Appellant's App. p. 135 (Order of Oct. 5, 2005) (emphasis supplied). Pursuant to Indiana Code § 29-1-16-1, “Every personal representative shall be liable for any loss to the estate arising from ․ neglect in paying over money or delivering property of the estate he shall have in his hands ․ and for any other negligent or willful act or nonfeasance in his administration of the estate by which loss to the estate arises.” The trial court's decision appears to have rested on its determination that the Estate suffered a loss as a result of the PR's miscalculations and mistakes in administration of the Estate. To the extent that the PR's negligence caused the Estate to incur penalties, Indiana Code § 29-1-16-1 supports this determination, and we affirm the trial court.
However, to the extent that the trial court also ordered the PR to reimburse the Estate for the excessive distribution amounts, we find the court's determination to be erroneous under the statute. We do not find the excessive distributions to necessarily constitute a loss to the Estate. Had the trial court kept that portion of its January 10, 2005, order in place requiring the beneficiaries to reimburse the Estate for the amounts they received, the Estate could have been made whole. The record indicates that following the trial court's January 10, 2005, order, seven of the twelve beneficiaries repaid the Estate. Further, other than their personal objections to repayment, nothing in the record suggests that the other five beneficiaries are unable to reimburse the Estate. Permitting the beneficiaries to retain this money to which they are not entitled and holding the PR personally liable for the mistaken distribution causes the beneficiaries to receive a windfall at the PR's expense-a result not sanctioned by statute because the Estate has sustained no loss as a result of the PR's negligence. We therefore remand to the trial court on this portion of its modified order with instructions to order all twelve beneficiaries to return to the Estate any excessive distribution amount not yet returned.5
II. Change of Judge
The PR next contends that the trial court abused its discretion by denying her motion for change of judge. A ruling upon a motion for a change of judge rests within the sound discretion of the trial judge and will be reversed only upon a showing of abuse of that discretion. In re Guardianship of Hickman, 805 N.E.2d 808, 814 (Ind.Ct.App.2004), trans. denied. An abuse of discretion occurs when the trial court's decision is against the logic and effect of the facts and circumstances before it.

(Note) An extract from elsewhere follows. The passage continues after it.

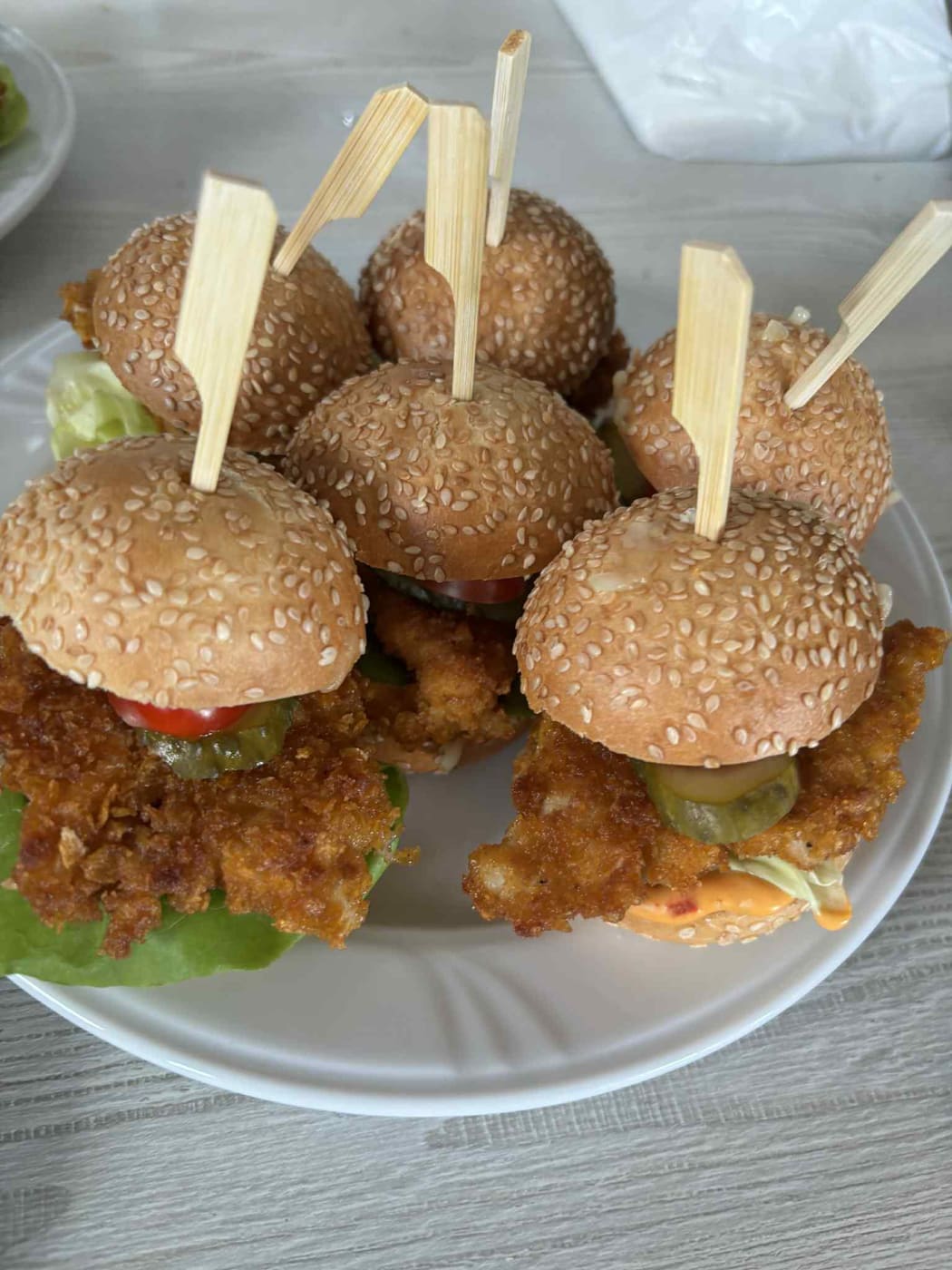 Mini burgery z panierowanym kurczakiem, sałatą i pomidorkami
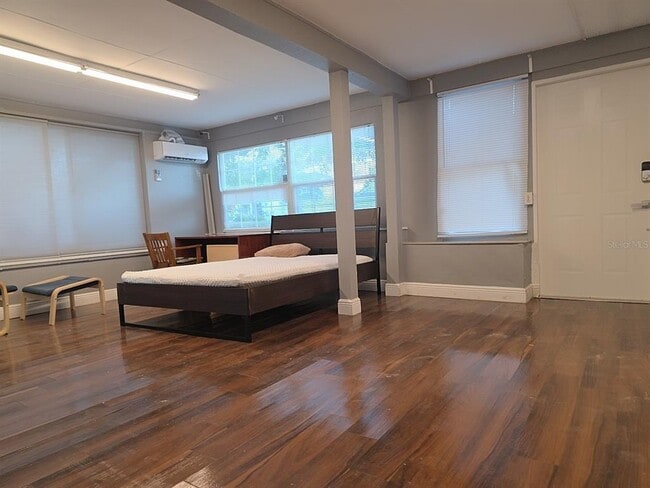 Building Photo - 4713 W El Prado Blvd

Id. When reviewing a trial judge's decision not to disqualify himself, we presume that the trial judge is unbiased. Id. at 815 (citations omitted). “In order to overcome that presumption, the appellant must demonstrate actual personal bias.” Id. Absent evidence to the contrary, we assume that the trial judge would have complied with the obligation to disqualify himself had there been any reasonable question concerning his impartiality. Id. “Merely asserting bias and prejudice does not make it so. The law presumes that a judge is unbiased and unprejudiced.” Smith v. State, 770 N.E.2d 818, 823 (Ind.2002).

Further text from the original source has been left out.